I use it constantly anyway. Because the mechanism, even without intelligence, is incredibly powerful. I just use it with open eyes.
The Beautiful Paradox
Here's the paradox I've come to love: The less "intelligent" I believe AI to be, the more useful I find it.
When I treated AI like a smart colleague, I was constantly disappointed. It didn't remember our last conversation. It confidently told me nonsense. It didn't "get" things that seemed obvious.
When I started treating it like a powerful but fundamentally dumb process—one that requires careful input, verification, and guidance—suddenly everything got easier.

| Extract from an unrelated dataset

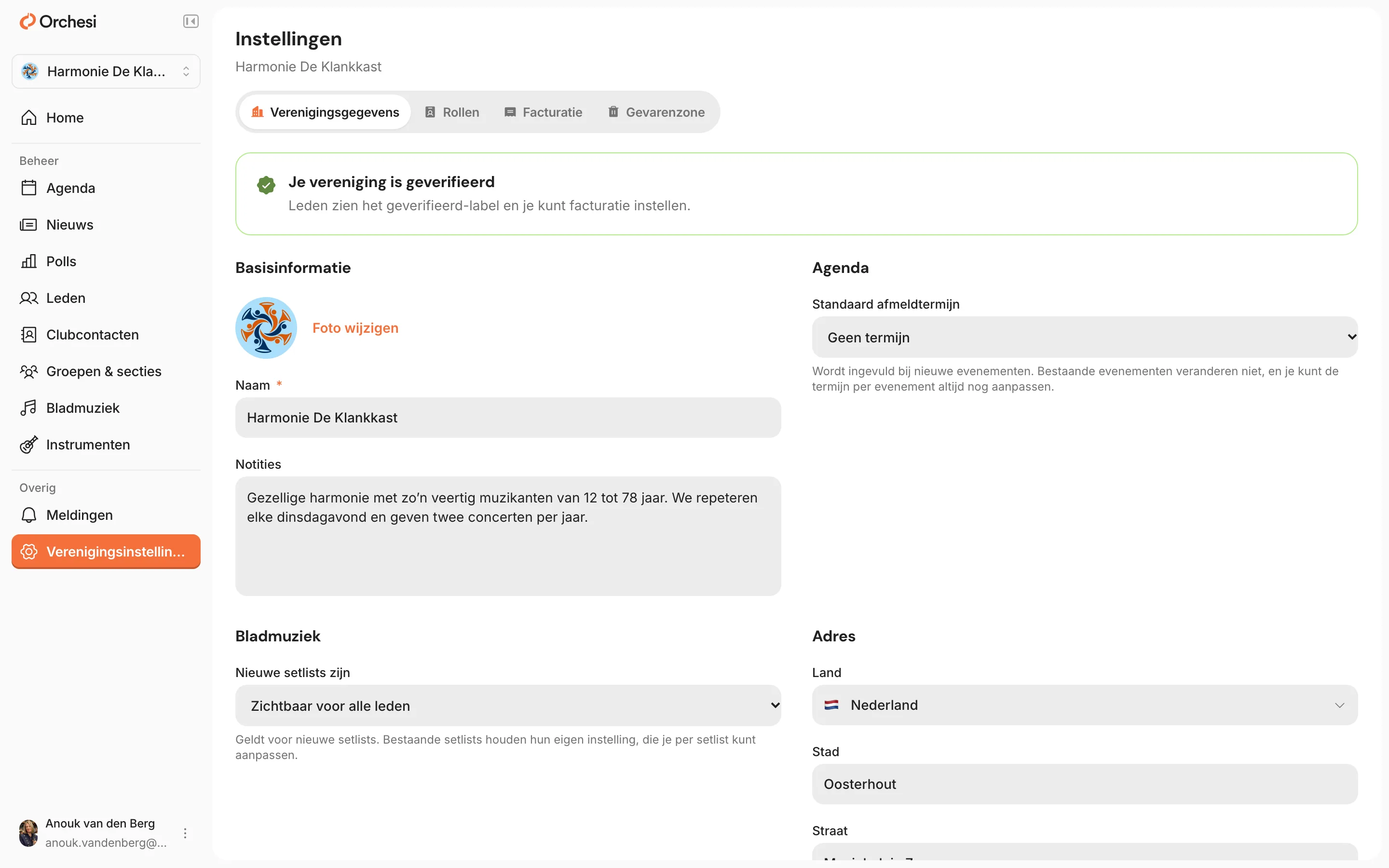 De verenigingsinstellingen, tabblad Verenigingsgegevens: Je vereniging is geverifieerd, Basisinformatie met foto, naam en notities, Agenda, Bladmuziek en Adres.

The tool works beautifully when you understand what the tool is.
The Invitation
If you're intimidated by AI, maybe this helps. You're not facing a superior intelligence. You're facing a very powerful pattern-matching system that can be incredibly useful *if* you understand its limitations.
If you're overly confident about AI, maybe this helps too. The systems are powerful, but they're not magic. They don't understand your business, your data, or your goals. You still have to do the thinking.
Either way, the opportunity is the same: Learn to work with this powerful process, and you gain capabilities that were impossible two years ago.
Not because you're working with artificial intelligence.
Because you've figured out how to harness a mechanism that mimics it.
Still building with AI, still checking its work, still marveling at what pattern-matching can do.
P.S. The irony of using Claude to help edit an essay about how Claude isn't intelligent is not lost on me. But then again—a very useful mechanism doesn't need to understand irony to be useful.
P.P.S. To be clear: I'm not an AI researcher. This is philosophy, not science. But sometimes the philosophy helps you use the science better.